The ``manifest`` module provides utilities for working with data manifests:

- ``manifest.py``: This file contains the core functionality for creating, splitting, and processing manifests. It includes functions for:

  - Generating manifest entries from simulation "run" folders, extracting parameter values from data files and file paths from glob patterns.
  - Reading and writing manifest files in JSON lines format.
  - Creating and copying working manifests to avoid modifying the original user manifests.
  - Resolving file paths within manifests, handling relative and absolute paths.
  - Splitting manifests into train, validation, and test sets based on specified percentages and random seeds.

- ``cli.py``: This file provides the command-line interface (CLI) for working with manifests:

  - The ``create`` command generates a manifest file from a dataset, extracting parameter values from data files and file paths from glob patterns.
  - The ``split`` command splits an existing manifest file into train, validation, and test sets based on the provided split settings.

The ``manifest`` module plays a crucial role in managing and preprocessing data for the various machine learning tasks supported by MLSimKit. It ensures that the necessary data files and metadata are organized and accessible through the manifest files, which are then used by other components of the toolkit for tasks such as training and inference.

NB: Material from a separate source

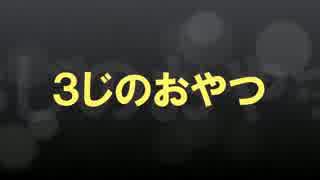 【３じのおやつ】エブリデイハロウィンNG集(？)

``mlsimkit.learn.networks``
------------------------------------

The ``networks`` module contains implementations of various neural network architectures used in the toolkit:

- ``autoencoder.py``: Implementation of convolutional autoencoders, including the ``ConvAutoencoder`` class and related utilities for training and inference.
- ``mgn.py``: Implementation of MeshGraphNets, a graph neural network architecture, including the ``MeshGraphNet`` class and related utilities for training and inference.
- ``schema``: Pydantic schema definitions for network architectures, including settings for convolutional autoencoders.